I wasn't raised a "feminist" (I've written about that before), so I get the knee-jerk reaction against the word feminism. After spending my formative years in Texas it's just not something I go around calling myself. Am I a feminist? Yes, according to the dictionary definition I most certainly am. Usually though, I just prefer to go through life as a human making my own choices about my own well-being.
That is where my qualm with these anti-feminist jar ladies comes in. Jars can be hard to open, and I admit, sometimes I ask my stronger male roommate to open jars for me (but then his mom gave us a rubber jar opener, which changed the game). And yes, if there is a male present and I am carrying something heavy my Texan sensibilities kick in and I expect him to take the reins on the heavy burden, but only when said man is actually stronger than me (I am deceptively strong thanks to years of competitive cheerleading). Men are often physically stronger than women. So what? Women are often mentally stronger than men. Can you imagine the complaints from men if they had to birth babies AND take care of them? Some of them think taking care of their own kids is babysitting anyway. That's neither here nor there, the point is that different humans have different strengths, and no one human should be telling others what those strengths should or should not be.
That, dear misguided ladies of the jar, is what feminism is about. We're literally just telling women (and men) that they should be able to do whatever they damn well please with their lives, because it is none of anyone else's business. If you like it when your husband does "manly" things for you I think that is great! That may just be your love language. Make love, I'm all for it! However, I doubt that type of thing would fulfill, say, a Hillary Clinton, and that's fine -- she'd rather be president. That's okay too.
I cannot understand how my doing what I want with my life effects you. Maybe you find feminism heavy-handed. Maybe the qualm is not actually with the dictionary definition of feminism, but rather how it has been branded over the years: domineering, loud, aggressive, un-ladylike -- I'm riffing over here. I get it, it is appealing to be a lady sometimes. I'm a lady, it's great, and I happen to like men too! I also agree that feminists (especially in the realm of online feminism) can be harsh, I definitely have my own qualms with that. But you are doing everyone a disservice by thinking that your ability to have a voice right now, to push back against feminism, is not a direct result of feminism.
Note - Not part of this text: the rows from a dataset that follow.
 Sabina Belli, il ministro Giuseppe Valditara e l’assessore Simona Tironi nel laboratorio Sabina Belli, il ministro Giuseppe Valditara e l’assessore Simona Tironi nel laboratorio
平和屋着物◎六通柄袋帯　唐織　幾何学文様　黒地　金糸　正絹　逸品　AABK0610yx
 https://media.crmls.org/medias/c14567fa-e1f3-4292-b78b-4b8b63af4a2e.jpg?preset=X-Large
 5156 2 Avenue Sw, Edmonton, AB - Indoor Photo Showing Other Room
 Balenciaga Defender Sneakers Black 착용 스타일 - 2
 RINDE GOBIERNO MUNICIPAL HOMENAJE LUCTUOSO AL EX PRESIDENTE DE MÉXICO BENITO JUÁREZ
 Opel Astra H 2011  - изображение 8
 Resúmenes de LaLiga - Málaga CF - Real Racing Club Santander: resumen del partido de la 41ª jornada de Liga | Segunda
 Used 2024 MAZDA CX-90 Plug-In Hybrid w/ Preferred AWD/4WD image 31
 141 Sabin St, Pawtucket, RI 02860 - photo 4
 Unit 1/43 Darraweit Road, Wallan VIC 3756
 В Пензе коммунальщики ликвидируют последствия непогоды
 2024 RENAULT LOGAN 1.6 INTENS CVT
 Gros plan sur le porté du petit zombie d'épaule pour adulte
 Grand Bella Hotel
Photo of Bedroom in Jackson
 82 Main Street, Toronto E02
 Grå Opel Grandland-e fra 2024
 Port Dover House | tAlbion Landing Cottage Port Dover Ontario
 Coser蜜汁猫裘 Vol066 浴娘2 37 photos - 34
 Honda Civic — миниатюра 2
If it were up to the structure of patriarchy we are slowly crawling out of ALL women would be home taking care of the children they produced with their more worldly partners. Just to reiterate one more time, THAT IS OKAY for women who want that, but some women don't want that, and for even more it is not a possibility. Within these female driven anti-feminist arguments is an inherent air of privilege. You are privileged in your ability to have these conversations because many women don't have the option of staying at home, or letting their man open jars because there is no man. That is reality, however you decide to feel about that matters to no one, because your feelings about someone else's life are irrelevant.
In the end, maybe the bigger issue is that feminism has a branding problem. Maybe the F-word is just too much for us to get past. Would a new word help? Maybe we can get a real-life Peggy Olson on the case for a new ad campaign. I don't know, again, just riffing. But it seems to me that what these ladies don't understand is that no one is threatening their livelihoods, but they are threatening mine. If you don't like feminism, don't call yourself a feminist. But I have a hunch that when your brilliant little girl grows up and voices her desire to be president you are not going to tell her she should instead look for a man to open her jars -- you may even encourage her to call herself a feminist.